I have two carrier bags full of apples, mostly cookers, waiting hopefully in the kitchen at present. That’s too much apple and rosewater sorbet for me to think about, so instead I’m going to make apple jellies.
Or at least, I’m going to think about making a few different apple jellies. What I’ll get going with straightaway is turning 10kg of apples into the apple juice that will form the base for the jelly. Once I have the basic juice it will keep in the fridge for a few days, or if I run seriously short of inspiration, it will freeze. Or I can make cider.
Apple jelly is particularly versatile: tasty enough to eat on its own as a spread or with meat, but also good to add flavour and consistency to gravy, and sauces, for deglazing the pan after cooking meats. With a high pectin content, it will help to set jellies whose main flavouring ingredient doesn’t contain pectin – chilli jelly, mint jelly, for example.

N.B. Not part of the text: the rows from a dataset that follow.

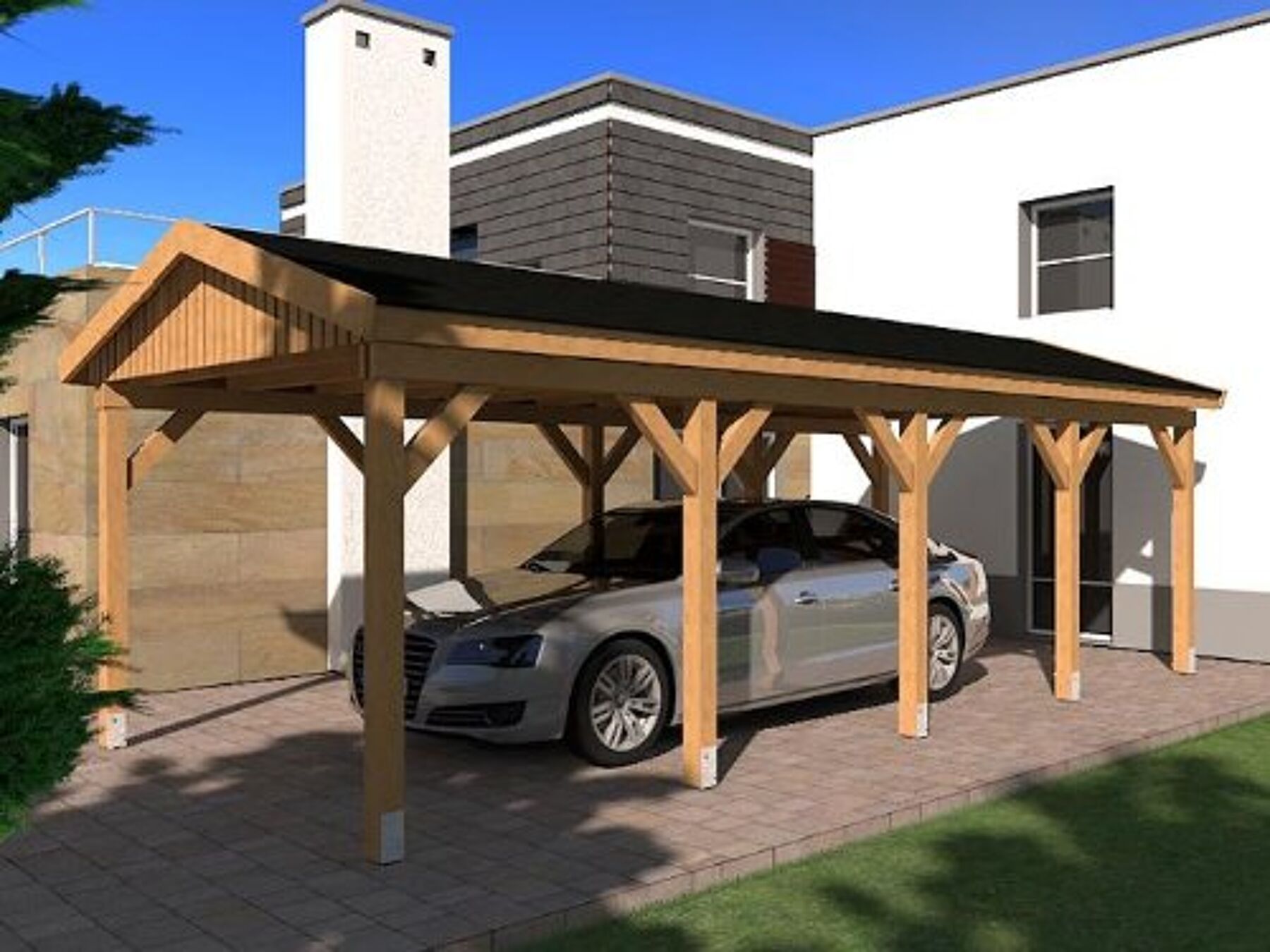 Trapezblechdach für Einzelcarport Juist 2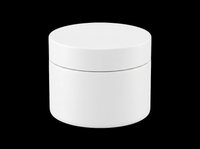 White cosmetic jar with lid isolated on transparent background, ready for design use in product mockups, stickers, print on demand, and packaging clipart.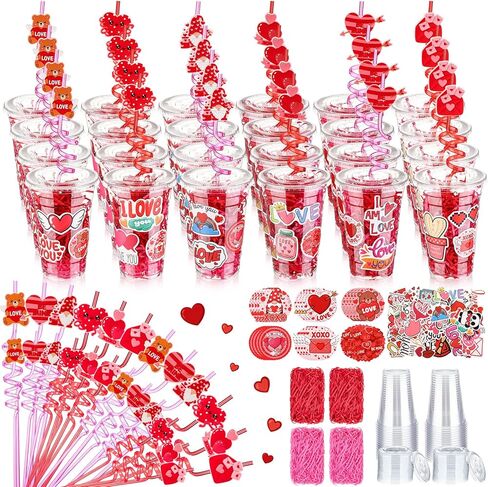 Yungyan 150 Pcs Valentine's Day Plastic Cups Bulk Valentine Plastic Cups with Lid Silly Straw Raffia Stickers for Classroom Prize School Exchange Goodie Bag for Kids Students, 24 Sets(Love) in Saudi Arabia
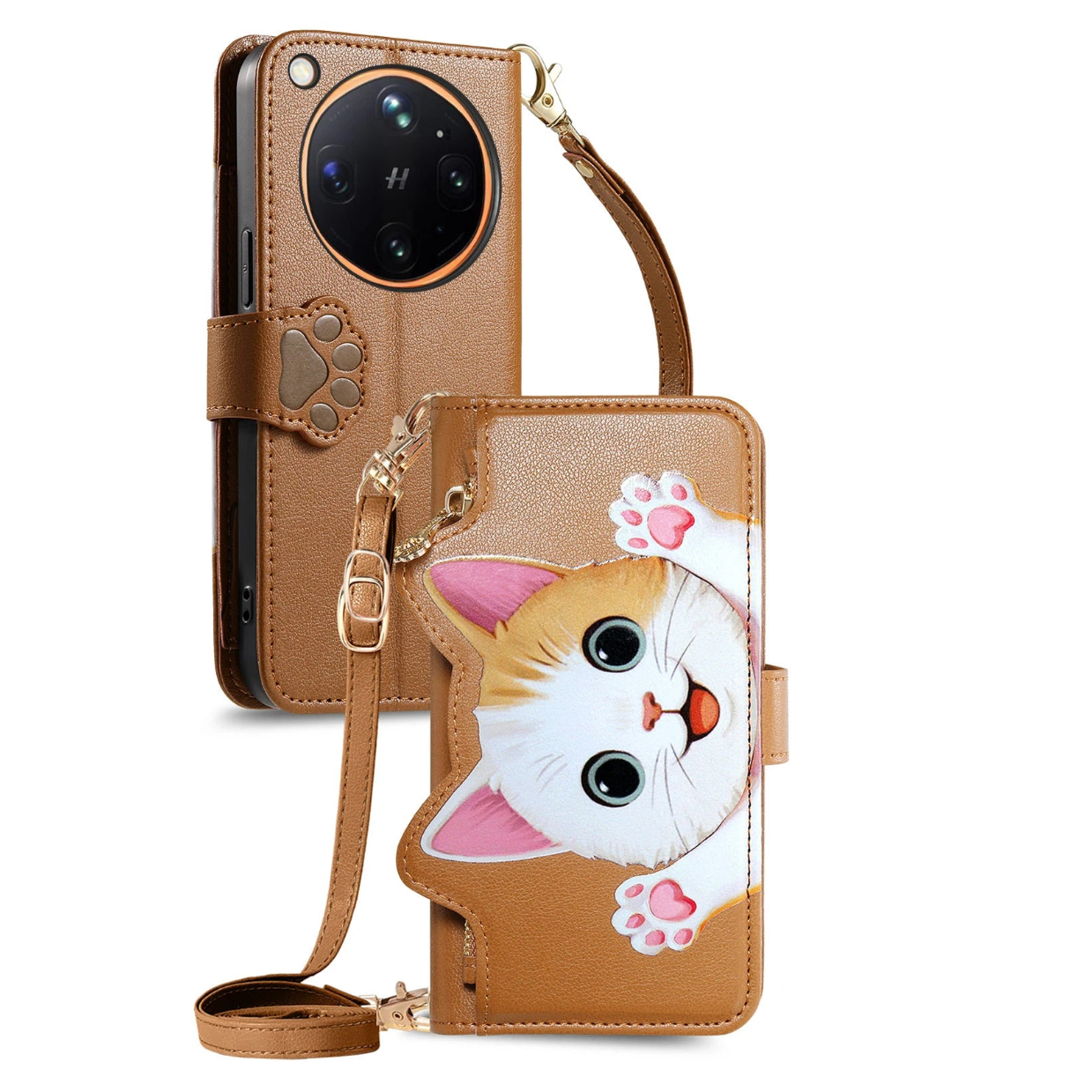 Detachable Crossbody Leather Wallet Case for OPPO Find X9 Series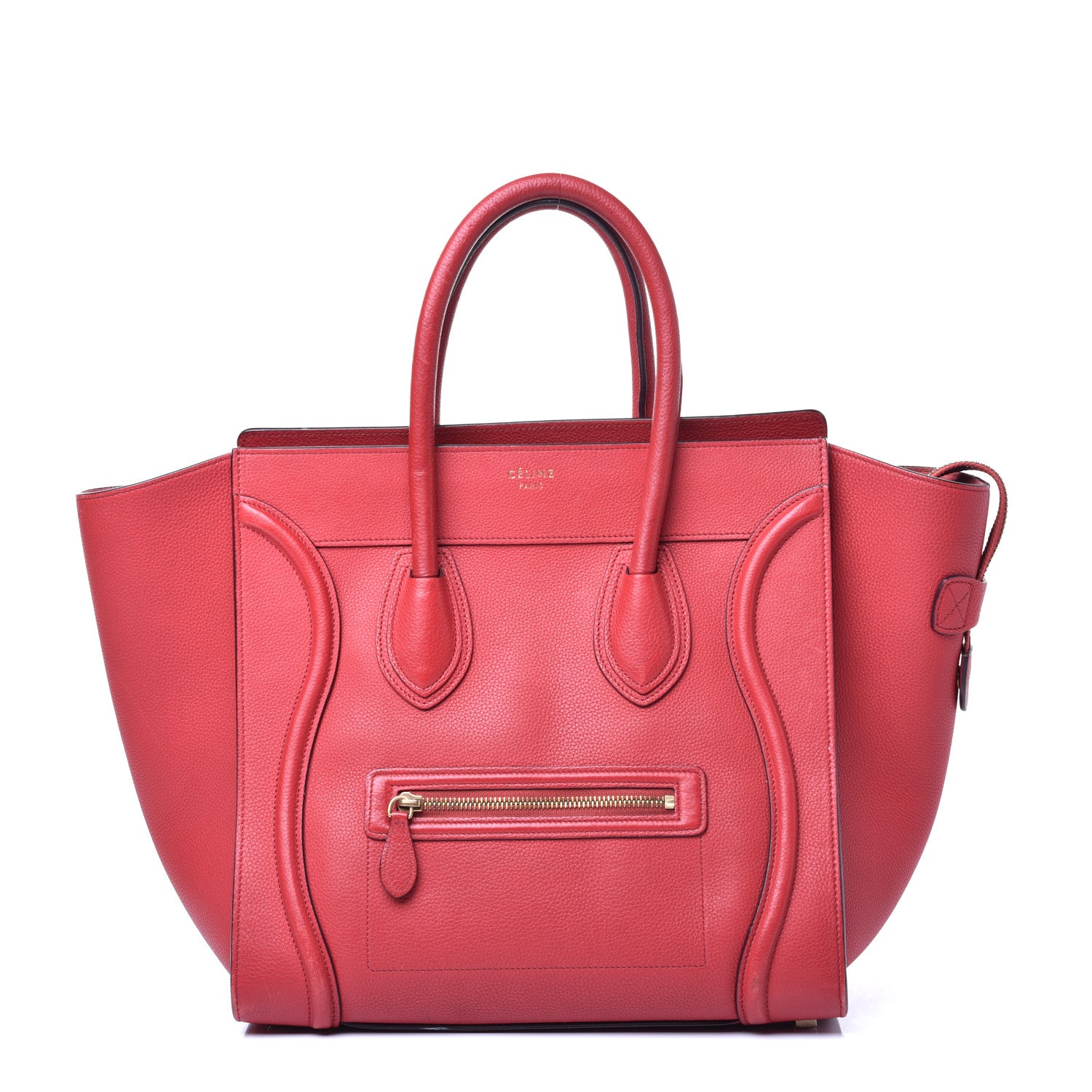 Celine Baby Drummed Calfskin Mini Luggage Red 1 of 11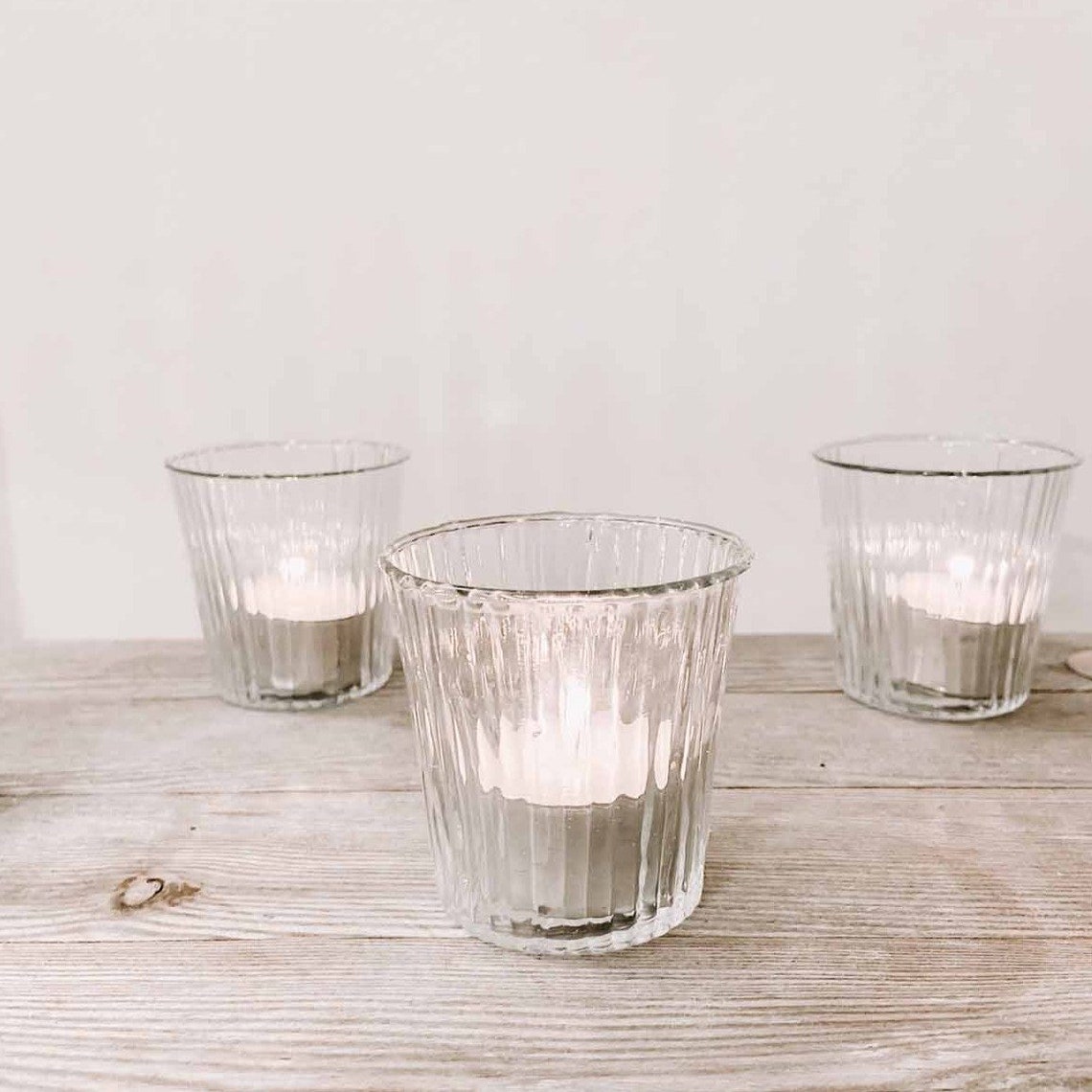 Clear Glass Tea Light Holder Ribbed Design Wedding Candle Etsy UK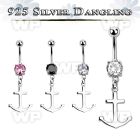 mcdvd22 steel belly banana w round cz silver plain anchor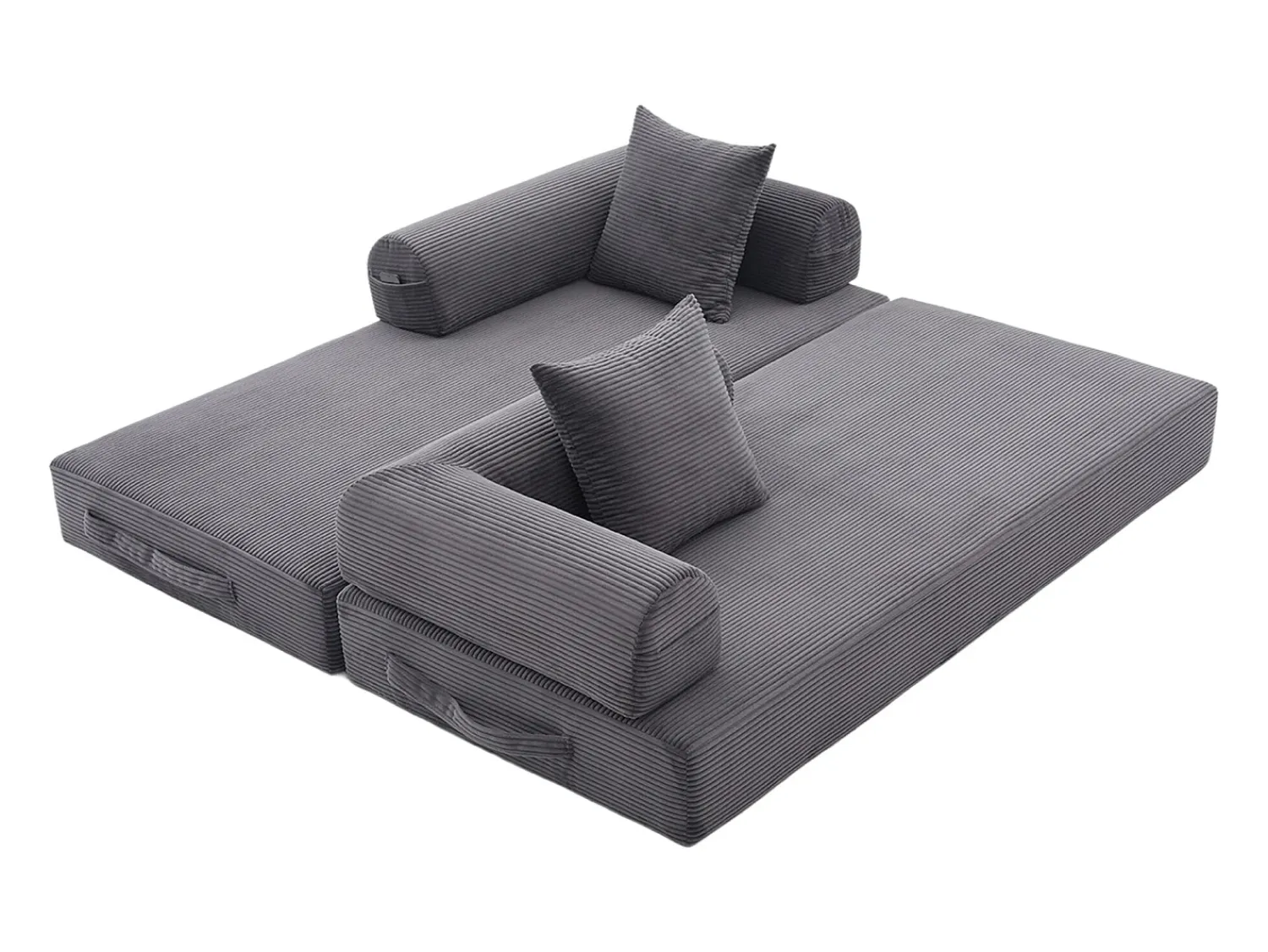 Sofá|Hauss Spole Sofá modular convertível de 3 lugares com 3 almofadas e bolso lateral - Veludo cotelê escuro Cinzento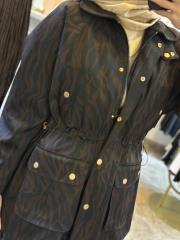 ghisa zebra desen belden büzmeli fermuarlı kaban kahve 4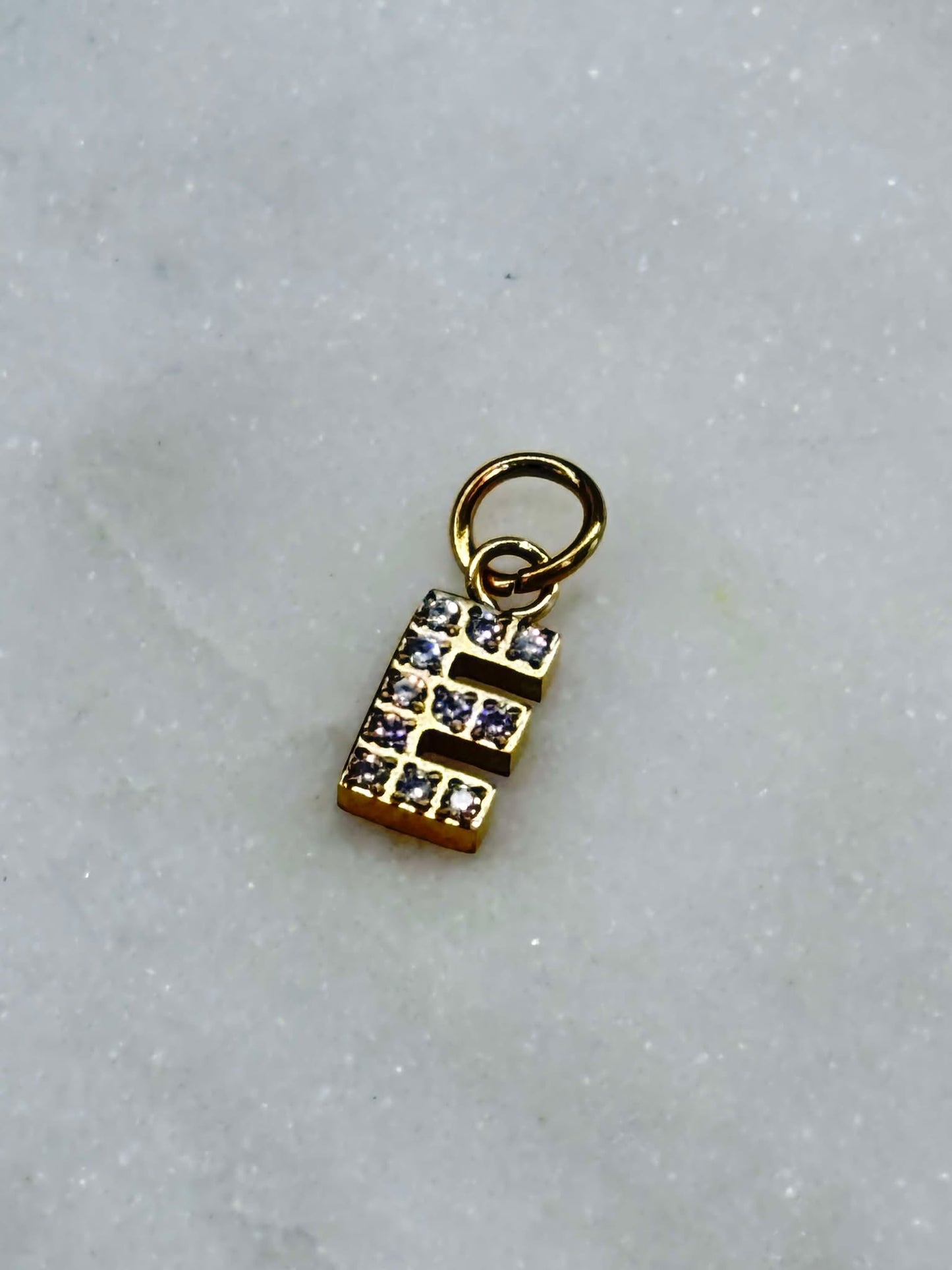 Cubic Zirconia Initial Letter Charms (gold)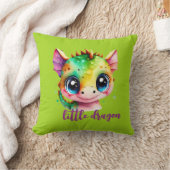 Little Dragon birstat niedlich grüne Wasserfarbe Kissen (Decke)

As well as an unadulterated apple jelly, which should set to a beautiful clear amber colour, I’d like a warm spiced version – perhaps with cloves and/or ginger, and in contrast something lighter, possibly floral. I have a recipe for apple and geranium jelly in The National Trust's book Jams, Preserves & Edible Gifts, by Sara Paston-Williams, and since I don’t have any geraniums, I wonder if the rest of that rosewater might do stand-in duty for the geraniums.I also like the idea of adding a hint of thyme; rosemary appeals as well but I think it would be easy to make it rather overpowering.